La mobilité et la propriété sont contradictoires. Il est évident, même pour un étranger, que la richesse devient vite un embarras plutôt qu’un avantage.
On est tenté de dire que les chasseurs sont des êtres humains « non économiques ». Du moins en ce qui concerne les biens non indispensables à la subsistance, ils sont à l’opposé de la caricature immortalisée sur la première page des Principes généraux de l’Économie. Leurs besoins sont réduits et, par rapport à ces besoins, leurs moyens sont abondants. Par conséquent, ils sont « comparativement sans pressions matérielles », n’ont « aucun sens de la possession », témoignent d’un « sens de la propriété non développé », sont « absolument indifférents aux pressions matérielles », manifestent un « manque d’intérêt » à développer leur équipement technique.
Or, du point de vue économique il semble erroné de dire que leurs besoins sont « restreints », que leurs désirs sont « circonscrits » ou même que leur notion de richesse est « limitée ». Ces mots présupposent l’existence d’un Être humain économique, et impliquent que les chasseurs luttent contre leur propre mauvaise nature, laquelle est finalement refrénée par un voeu de pauvreté culturel. Ils comportent l’idée de renonciation à un instinct de possession qui, en réalité, ne s’est jamais développé, celle de la suppression de désirs que l’on n’a jamais eus. Ce n’est pas que les chasseurs et les cueilleurs aient maîtrisé leurs « impulsions » matérialistes : ils n’en ont jamais fait une institution.
On peut affirmer avec des arguments solides que les chasseurs et les cueilleurs travaillent moins que nous ; la quête de nourriture, loin d’être une activité continuelle, est intermittente ; leurs moments de loisir sont abondants, et le temps de sommeil par personne et par jour y est, sur l’ensemble de l’année, plus grand que dans n’importe quel autre type de société.
Les personnes les plus « primitives » du monde ont peu de possessions, mais elles ne sont pas pauvres. La pauvreté ne vient pas du faible volume de biens matériels ; elle ne vient pas non plus du seul rapport entre la fin et les moyens ; elle est, par-dessus tout, le résultat des rapports entre les personnes. Les chasseurs n’étant pas obsédés par l’idée de pénurie engendrée par le marché, leurs tendances économiques sont peut-être plus solidement fondées sur l’abondance que les nôtres.

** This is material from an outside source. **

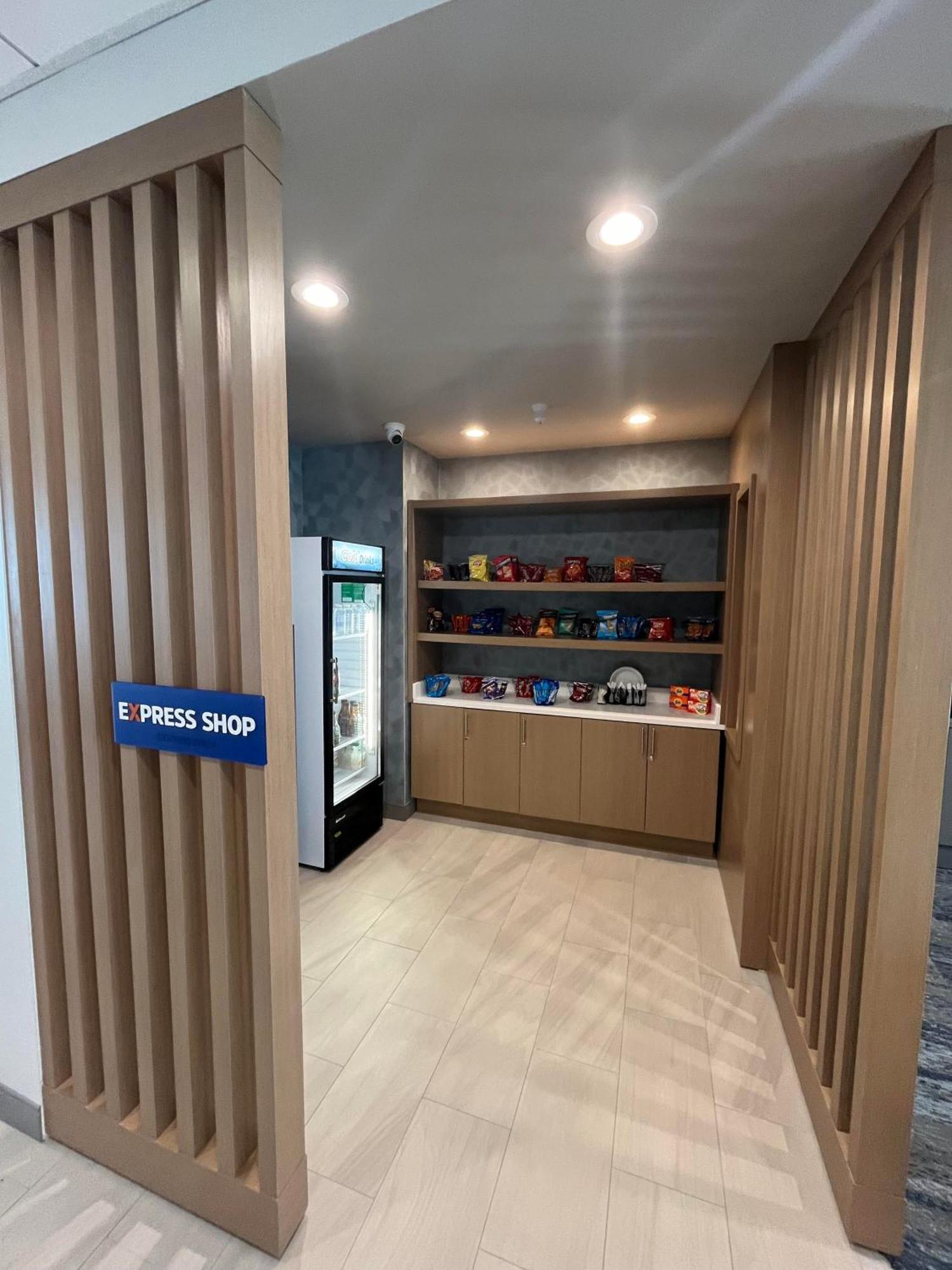 Holiday Inn Express & Suites Oscoda By Ihg Bagian luar foto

Une vision holistique de la santé impliquerait peut-être de nous tourner vers l’origine même de nos sociétés pour y chercher non seulement la santé, mais des sociétés saines. Dans ce sens, pour nombre de ceux qui vivent dans les « riches » sociétés modernes, le simple fait de se libérer d’un quelconque besoin représenterait un pas vers la bonne santé.